Peter Rollins and The Fidelity of Betrayal

Peter Rollins new book, “The Fidelity of Betrayl: Towards a Church Beyond Belief” is soon to release (June). Today I got a chance to take a peak at the prologue and introduction to the book and I’m really excited about the book for a few reasons.  First, I loved his first book and still think it’s one of the best and most engaging theology books I’ve read in the last few years. Part of the reason is he uses contemporary philosphy and cultural theory in a way that is provocative, yet useful for today’s church. Second, after reading these two sections of the book I can see that it is clearly even more influenced by some of my favorite theorists, Slavoj Žižek and Alain Badiou, than his previous one. The title gives this away. Third, I’m excited to see Rollins utilize some of his homespun parables (a collection of these parables is to be published under the working title dis-courses).
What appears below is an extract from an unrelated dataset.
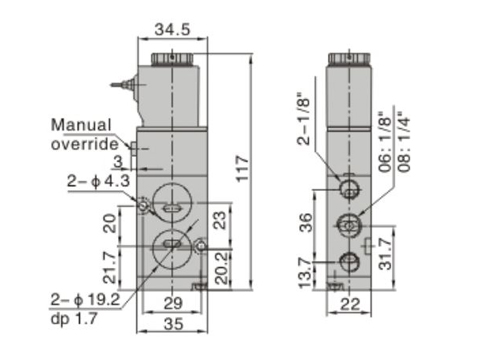 Dimensions AirTAC Solenoid Valve 4M Series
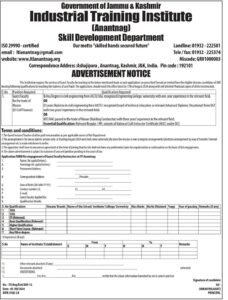 ITI Anantnag Recruitment 2024 Application form, Eligibility, Last Date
His creativity extends beyond just being able to write insightful narratives in parable form though, as you can see from the title, his theology looks to challenge and disrupt our common (mis)understandings of what it means to be the church. This book will certainly cause its fair share of disruptions. In Fidelity of Betrayal Rollins suggests that betrayal is built into the very fabric of the church, betrayal is inextricably connected to what it means to be faithful. He argues in his introduction that there is a close affinity between these two aporetic statements ‘What Would Jesus Do’ and ‘What Would Judas Do’:

In other words, what would Jesus do when confronted with Christianity today? Would Jesus do what Judas did, and betray it? In saying this I am not hinting at the rather mundane insight that Jesus would betray the anemic, inauthentic, self-serving Churchianity that so often festers quietly under the banner of Christianity today. I am not asking whether Jesus would turn the tables on what passes as contemporary Christianity in favor of a more robust and radical version that may have once existed in an age long past. Rather, by asking whether Jesus would betray Christianity as Judas betrayed Christ, I am asking if Jesus would plot the downfall of Christianity in every form that it takes. Or rather, to be more precise, I am asking whether Christianity, in its most sublime and revolutionary state, always demands an act of betrayal from the Faithful. In short, is Christianity, at its most radical, always marked by a kiss, forever forsaking itself, eternally at war with its own manifestation.

This is no doubt provocative and raises not only lots of questions but plenty of insights, I look forward to digging in further and seeing what he means by all this.